Perplexity Automation¶
180+ research prompts across 12 chapters. Each one needs to be submitted to Perplexity Pro, waited on, and the response saved to the right folder. Doing that manually would take days of copy-paste tedium. So we automated it.
Playwright -- the same browser automation framework used for testing web apps -- drives a real browser session against Perplexity. It reads prompt files, submits them one at a time, waits for the response, copies it, and saves to the matching answers/ folder. The whole thing runs in a visible browser window so you can watch it work and catch problems.
How It Works¶
The automation script (perplexity_automated.py) follows this sequence:
- Opens Perplexity in a headed Chromium browser using cached Google OAuth credentials (you log in once, then the script reuses your session)

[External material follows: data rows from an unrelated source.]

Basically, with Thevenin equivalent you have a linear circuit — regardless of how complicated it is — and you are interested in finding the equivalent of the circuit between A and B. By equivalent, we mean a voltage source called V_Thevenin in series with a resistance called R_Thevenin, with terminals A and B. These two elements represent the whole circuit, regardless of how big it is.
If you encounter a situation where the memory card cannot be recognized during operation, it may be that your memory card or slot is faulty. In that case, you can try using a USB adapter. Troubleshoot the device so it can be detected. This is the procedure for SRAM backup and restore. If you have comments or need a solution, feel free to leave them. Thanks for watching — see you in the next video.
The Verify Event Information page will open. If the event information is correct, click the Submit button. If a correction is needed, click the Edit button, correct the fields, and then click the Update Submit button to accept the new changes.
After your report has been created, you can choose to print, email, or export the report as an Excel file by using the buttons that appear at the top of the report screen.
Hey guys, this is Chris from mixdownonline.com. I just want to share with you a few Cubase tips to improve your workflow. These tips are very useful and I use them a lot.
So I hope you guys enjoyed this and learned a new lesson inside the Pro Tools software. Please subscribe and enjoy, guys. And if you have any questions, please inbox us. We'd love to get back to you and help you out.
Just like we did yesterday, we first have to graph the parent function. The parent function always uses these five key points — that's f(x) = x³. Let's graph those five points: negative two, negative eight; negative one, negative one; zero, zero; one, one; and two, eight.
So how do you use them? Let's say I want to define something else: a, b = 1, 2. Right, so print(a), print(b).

- Reads prompt files from the chapter's
research/Chapter_XX/prompts/folder - Submits each prompt by typing into Perplexity's search input and hitting submit
- Waits for the response to fully generate (watches for the copy button to appear, plus a buffer for streaming to complete)

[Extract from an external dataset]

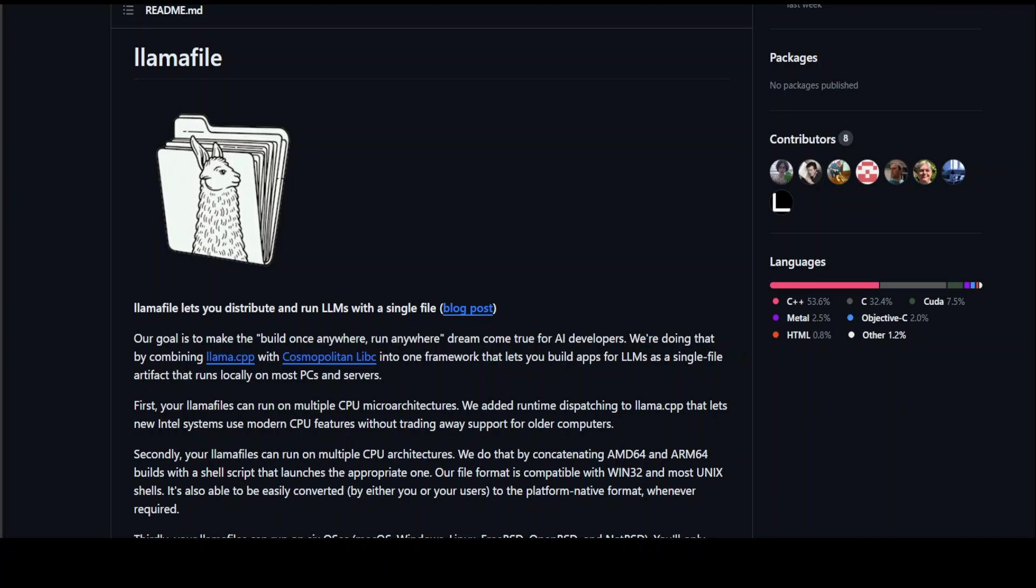Also, they solved several interesting problems around adding GPU and DL open support to Cosmopolitan and there are a lot of other things. You can read all of it in the readme on the GitHub repo and I'll drop the link in the video's description.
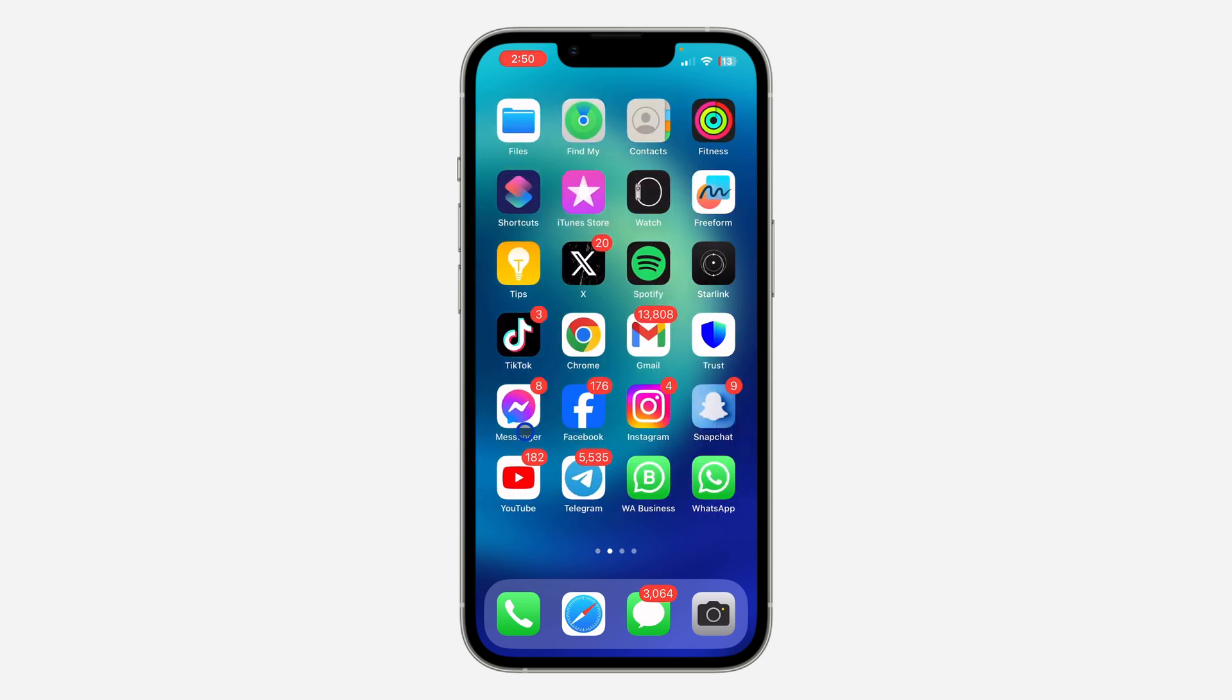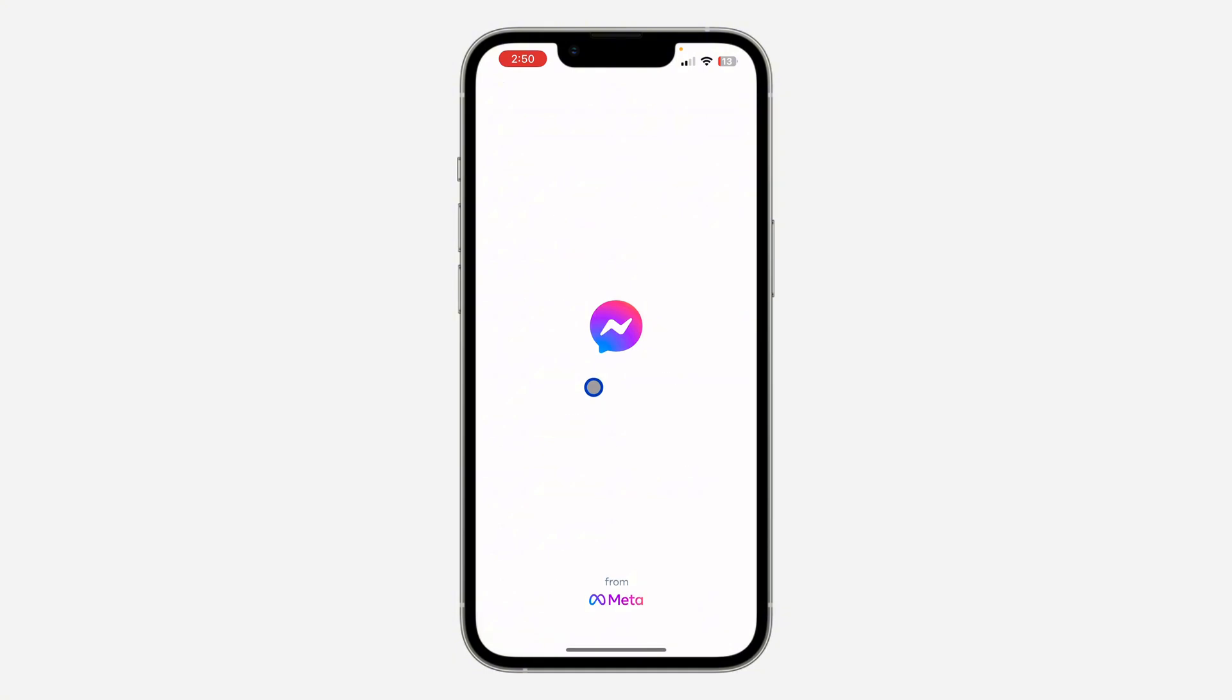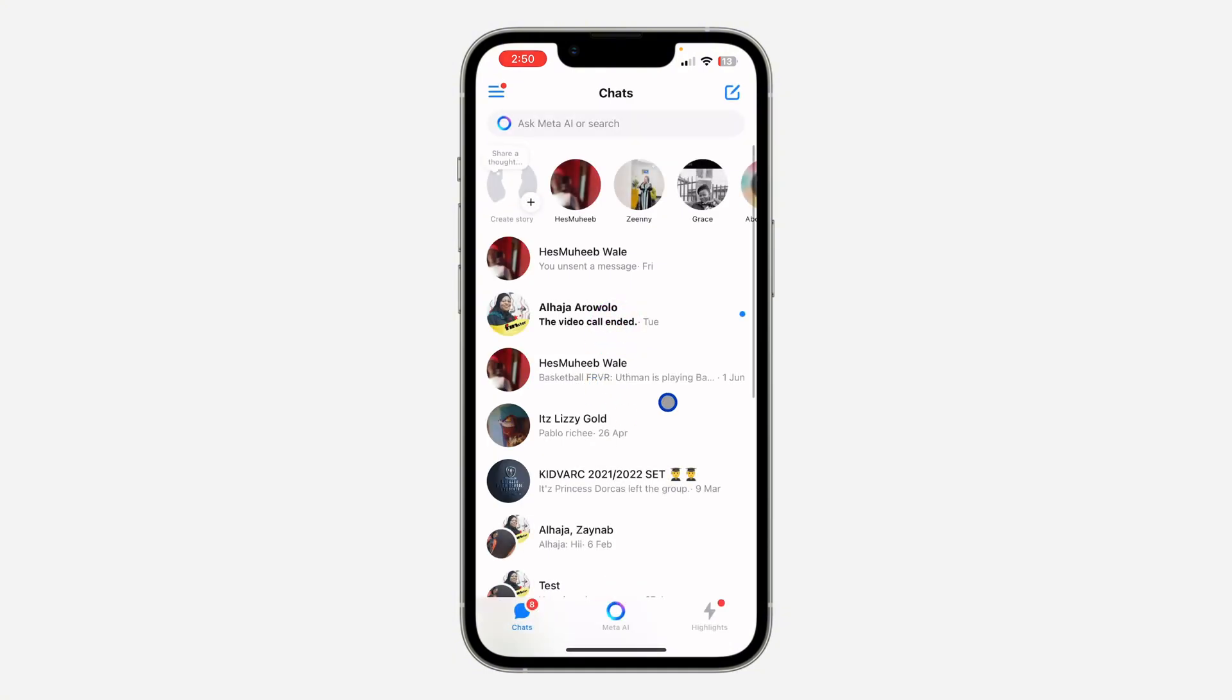First, open up your Messenger application. You can also follow these steps on your Android device. After that, click on these three lines at the top left corner.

- Copies the response via the clipboard (with a fallback to direct DOM extraction if clipboard access fails)
- Saves to the matching
answers/folder -- same subfolder name, same file name, soprompts/s_1.2_ai_first/01_comparison.mdbecomesanswers/s_1.2_ai_first/01_comparison.md - Deletes the conversation every N prompts to prevent context bleed (Perplexity builds on previous answers in a thread, which contaminates unrelated prompts)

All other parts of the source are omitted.